PHOENIX -- It makes total sense that this WNBA Western Conference finals should go to three games. In fact, it's too bad it can't go longer.
"This feels like a championship [series]," Los Angeles' Lisa Leslie said after the Sparks' 87-76 victory Friday at US Airways Center tied the matchup at 1-1. "We're working really hard; both teams are. The best team will win [Saturday], and the team that wins will win the WNBA championship. I believe that."
Leslie then added with a chuckle, "Of course, I'm from the West, so I have to believe that."
Well, either Indiana or Detroit -- which also are going the distance in the East finals, thanks to the Fever's series-tying 79-75 win Friday -- will have something to say about that. But it just takes a glance out on the floor when the Sparks and Mercury are playing each other to confirm why Leslie feels that way. Everywhere you look, there's a great player. They're all over the place.

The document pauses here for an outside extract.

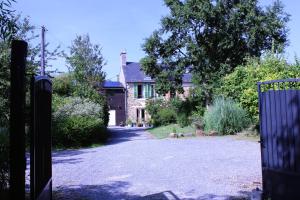 Maisons de vacances GITE 15 personnes confort et authenticite : photos des chambres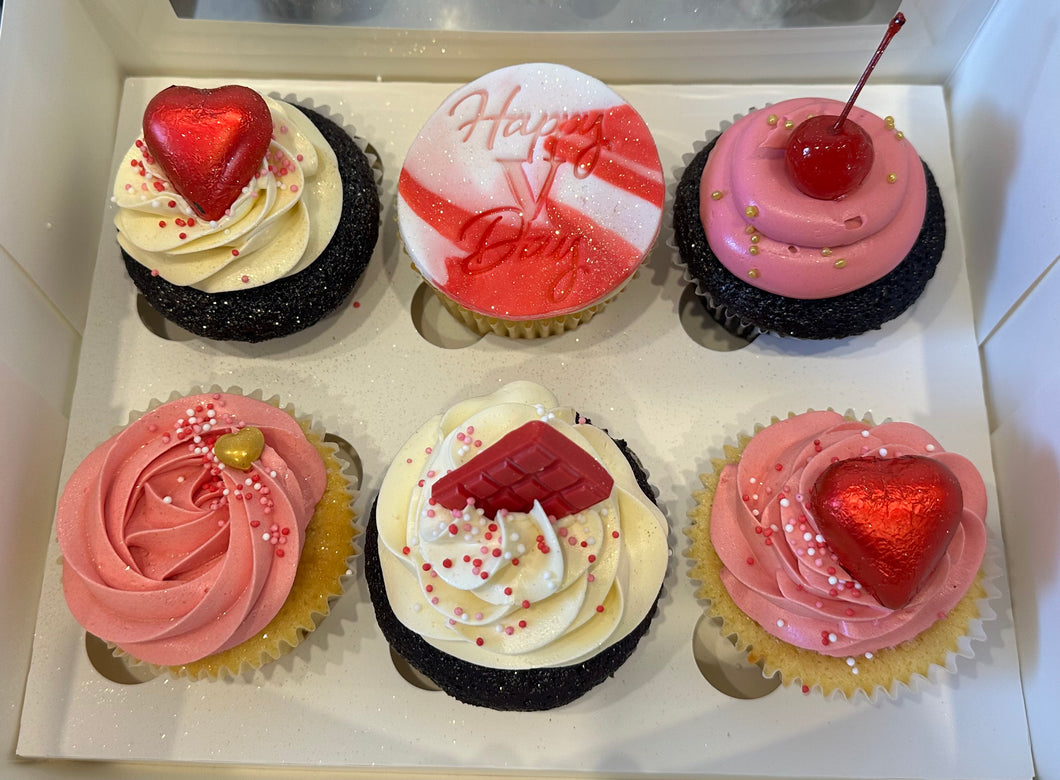 Valentine's Day Cupcakes - 6 Pack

What will make the difference is what style most of Game 3 is. The Mercury want the pace to be breakneck, and the Sparks want it to be more deliberate. The first game of the series went just like the Mercury prefers, as Phoenix won 103-94. Friday's contest was much more to the liking of the Sparks; it was just the fourth time this season that Phoenix was held to fewer than 80 points.

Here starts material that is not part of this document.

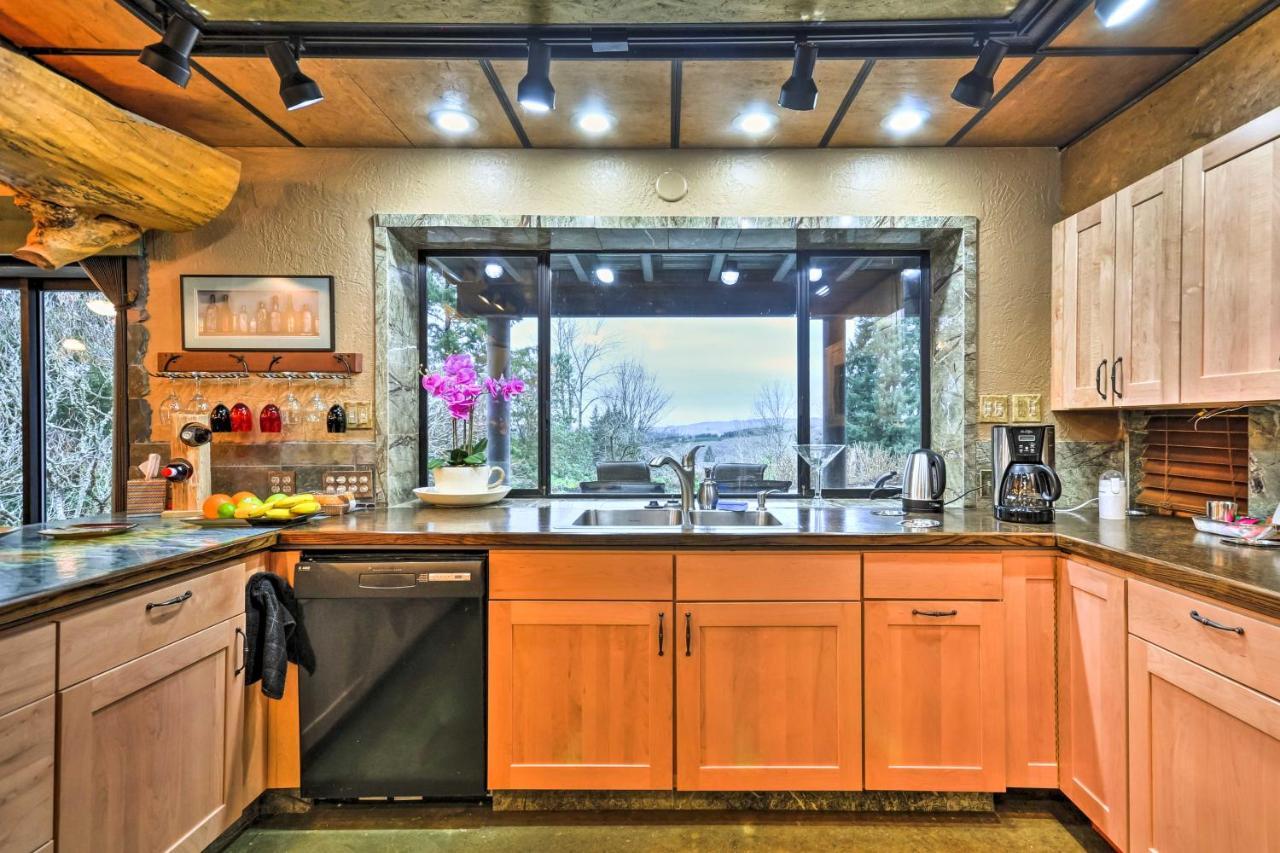 Willamette Valley Apt - Surrounded By Wineries! Newberg Bagian luar foto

"We never got in our style of play," Mercury coach Corey Gaines said. "We'll be ready [Saturday]."
Mercury star Diana Taurasi, who had 25 points and five rebounds before fouling out, said that Phoenix's offense suffered because the defense just wasn't that good.
"When we're playing really well, we get opportunities on the defensive side," she said. "We find a way, and today we didn't find a way. When we did, it was a little bit too late."
The Mercury also just flat-out didn't shoot well, with Cappie Pondexter (5 of 16) and Penny Taylor (2 of 10) just seeming off most of the night. Pondexter seemed to be trying to get the right feel for her shots, but it was never really quite there for her.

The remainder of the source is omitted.